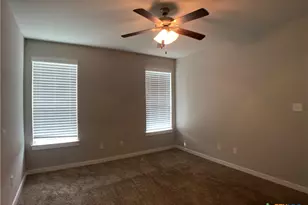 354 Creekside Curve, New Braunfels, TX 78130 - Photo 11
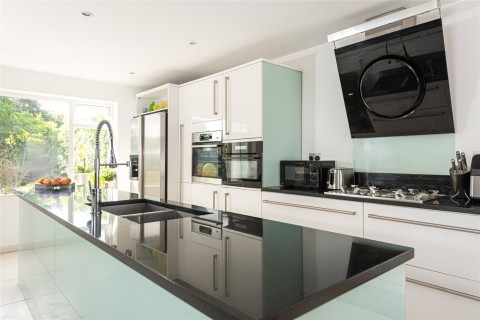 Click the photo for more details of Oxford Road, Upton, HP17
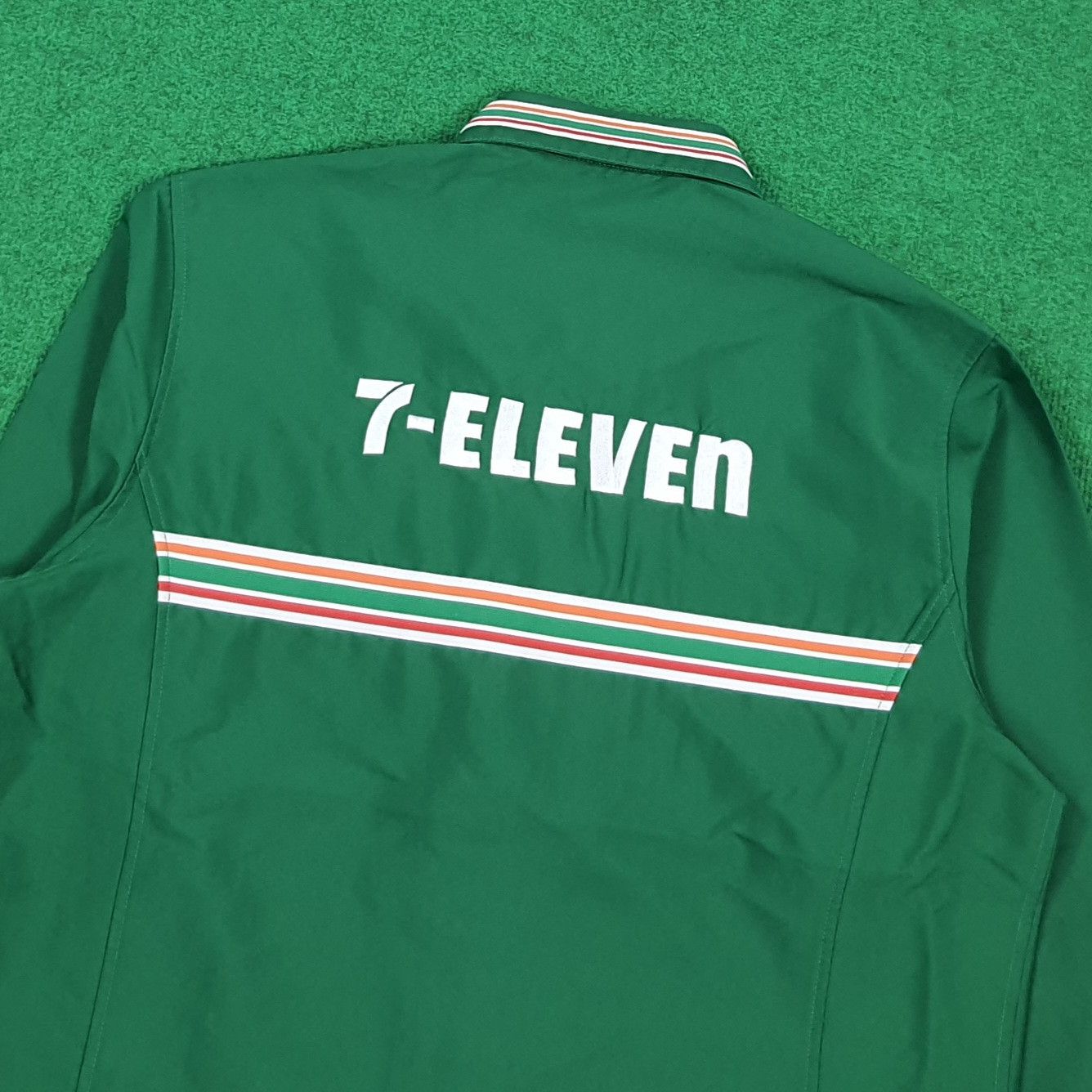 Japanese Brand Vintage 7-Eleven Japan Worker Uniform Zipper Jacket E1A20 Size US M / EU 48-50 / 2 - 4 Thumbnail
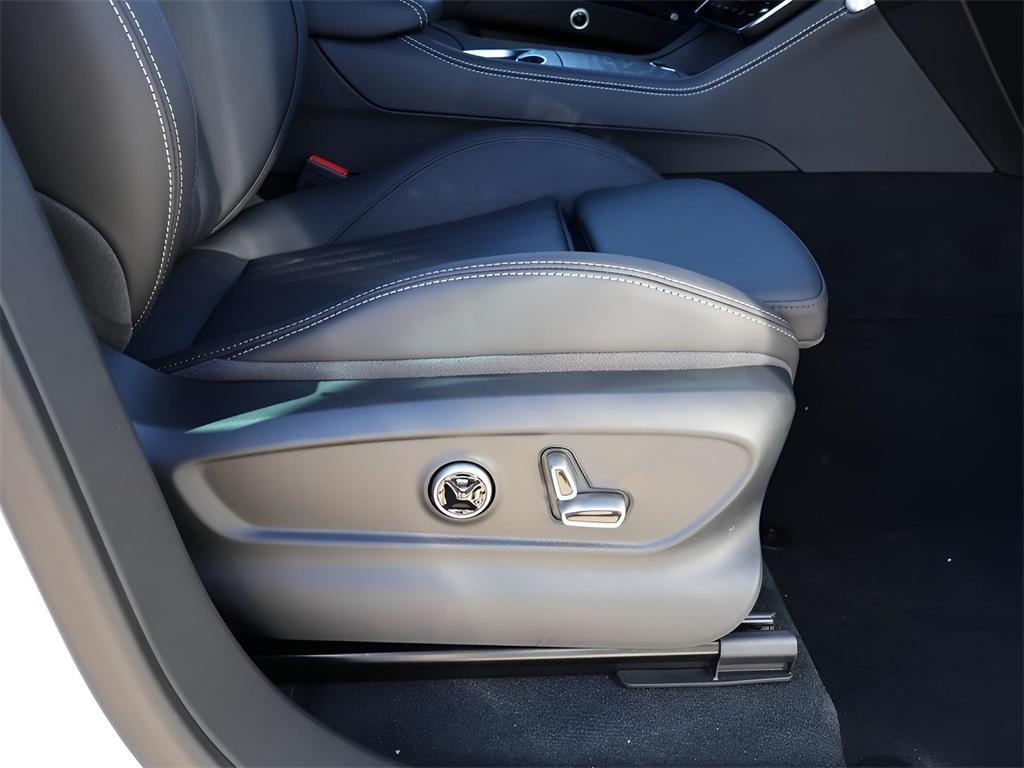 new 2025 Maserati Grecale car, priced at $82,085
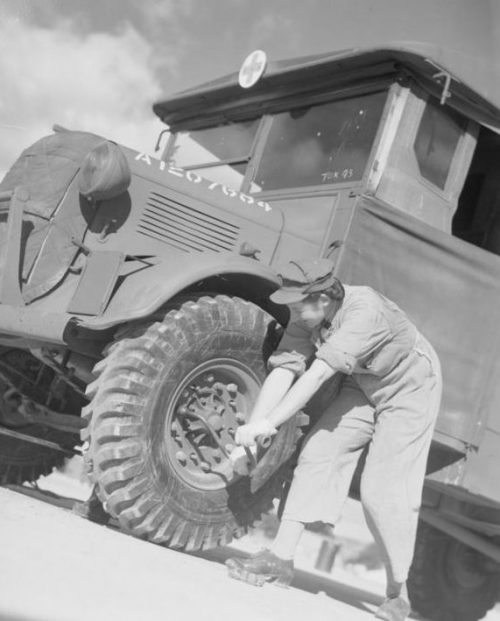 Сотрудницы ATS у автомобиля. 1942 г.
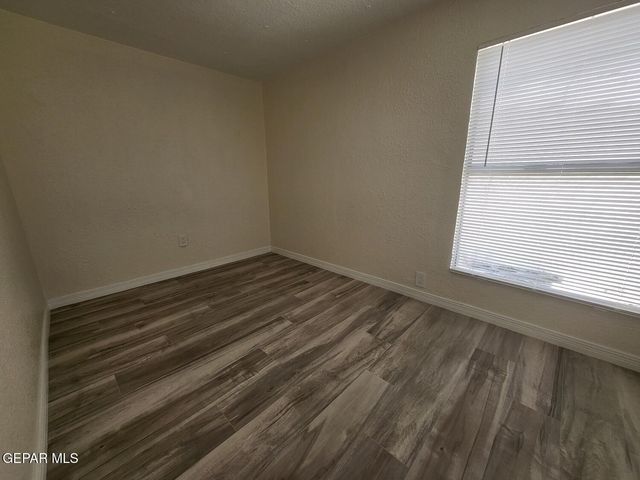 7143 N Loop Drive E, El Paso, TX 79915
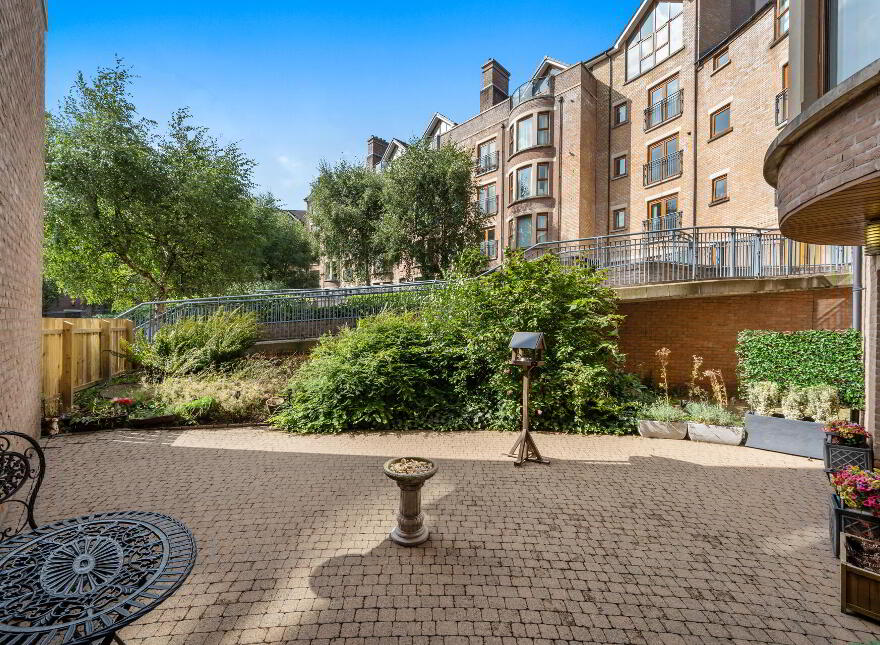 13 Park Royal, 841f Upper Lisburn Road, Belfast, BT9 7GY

- [Try it]: All entries should be restated word for word; no images belong in the copy.

- [Task output]:
 354 Creekside Curve, New Braunfels, TX 78130 - Photo 11
 Click the photo for more details of Oxford Road, Upton, HP17
 Japanese Brand Vintage 7-Eleven Japan Worker Uniform Zipper Jacket E1A20 Size US M / EU 48-50 / 2 - 4 Thumbnail
 new 2025 Maserati Grecale car, priced at $82,085
 Сотрудницы ATS у автомобиля. 1942 г.
 7143 N Loop Drive E, El Paso, TX 79915
 13 Park Royal, 841f Upper Lisburn Road, Belfast, BT9 7GY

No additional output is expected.